Sua importância como pesquisador transcende os limites do território nacional e faz do artista um porta-voz de nossa cultura. Os Penitentes remontam à Europa medieval. A era das grandes navegações dispersou os seus ritos nas terras conquistadas pela coroa espanhola, na América Central e do Norte, e nas terras portuguesas do sul. Por mais de cinco séculos, práticas religiosas nascidas em mesmo solo mantiveram-se desirmanadas em hemisférios opostos do nosso continente. Em 2017, ao participar da Biennial of the Americas, nos Estados Unidos, as fotografias de Guy possibilitaram o religamento histórico dos Penitentes do Brasil português aos rituais de língua espanhola dos Penitentes norte-americanos do Novo México.

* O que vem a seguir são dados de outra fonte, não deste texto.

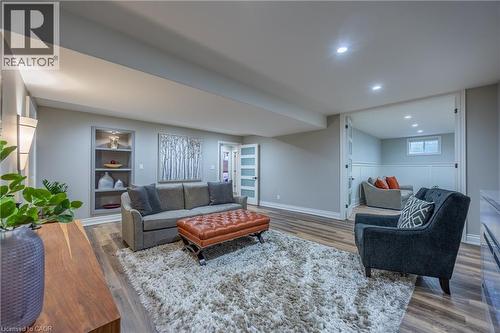 11 Greenleaf Lane, Ancaster, ON - Indoor Photo Showing Living Room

Mas é a espiritualidade de Guy Veloso que permite a profunda união entre arte e religião. Não é possível distinguir a força imaterial da religiosidade expressa nas ações e cenas retratadas da força imaterial da religiosidade do próprio fotógrafo. É a ascese espiritual do indivíduo retratado que dá força expressiva às imagens ou é a ascese espiritual do próprio fotógrafo? É na união dessa dupla religiosidade, do que é visto e de quem vê, que a documentação dos rituais religiosos alcança o estatuto de arte em Guy Veloso. É por vermos o mundo através de um olhar genuinamente espiritual que vultos na noite, encobertos em tecidos translúcidos, se tornam a porta de entrada para a dimensão inefável do divino. É a espiritualidade do artista que lhe permite transformar várias imagens sobrepostas em diferentes vozes que em uníssono alcançam os mistérios da teologia.

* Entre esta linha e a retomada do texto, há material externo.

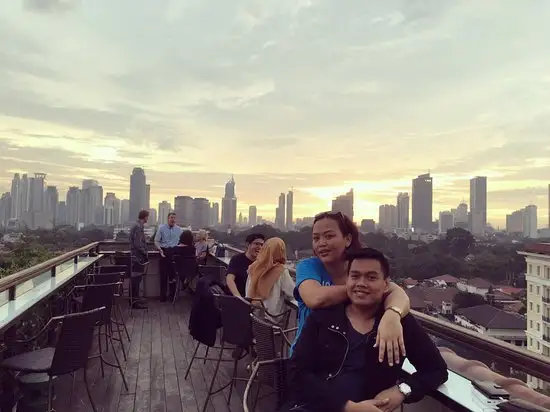 Gambar Makanan La Vue Rooftop Bar 16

Nos mistérios da religião, as dicotomias da linguagem são superadas. Assim, encarnada em imagens, a religiosidade permite a contemplação da unidade dos opostos. Nas fotografias do artista, o êxtase religioso se torna um ápice no qual não há mais a separação entre prazer e dor, entre finito e infinito. Há apenas o indizível absurdo da condição humana.

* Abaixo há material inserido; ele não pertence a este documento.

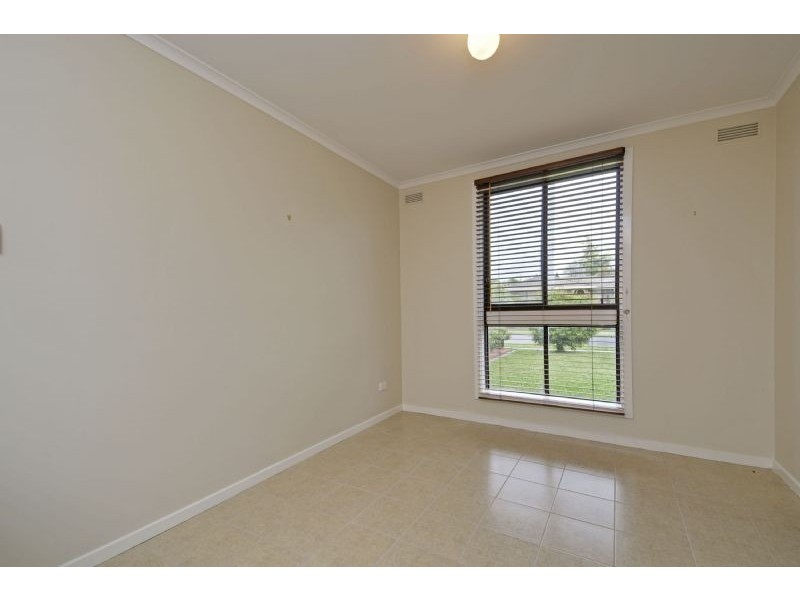 2 Elm Court, Churchill VIC 3842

A contribuição de sua obra para nossa cultura vem em perfeita hora. Pensamo-nos divididos entre um passado que não mais nos pertence e um futuro disforme, que infelizmente destruímos na exata medida que o tentamos construir. Guy nos lembra que esse passado ainda nos é próprio. Suas fotografias não cortam o tempo como se nos dessem a contemplação instantânea do que se passa de forma efêmera em nossa época. Suas fotografias fatiam o tempo de forma longitudinal, unindo o século XXI ao Brasil colonial do século XVII. Enquanto imagens, poderiam ser visões de qualquer momento deste longo percurso. Através de suas fotos descobrimos que os ritos de outros séculos ainda estão vivos e nos constituem.

O Brasil se fragmenta em diferentes culturas nas muitas geografias de suas regiões. Na fotografia de Guy Veloso, encontramos a unidade das diásporas que nos criam como nação. A religiosidade costura todas as suas imagens, assim como os recônditos cantos do emaranhado de retalhos que nos forma. Não devemos negar a cultura que temos, mas olhá-la nos olhos, como faz o fotógrafo, e compreender que o que lá é visto somos nós mesmos. Olhemos para nós mesmos através das fotografias de Guy Veloso.

Guilherme Ghisoni da Silva

06 de junho de 2019.

Professor Doutor da Faculdade de Filosofia da Universidade Federal de Goiás. Possui graduação e mestrado pela Universidade Federal do Paraná e doutorado pela Universidade Federal de São Carlos.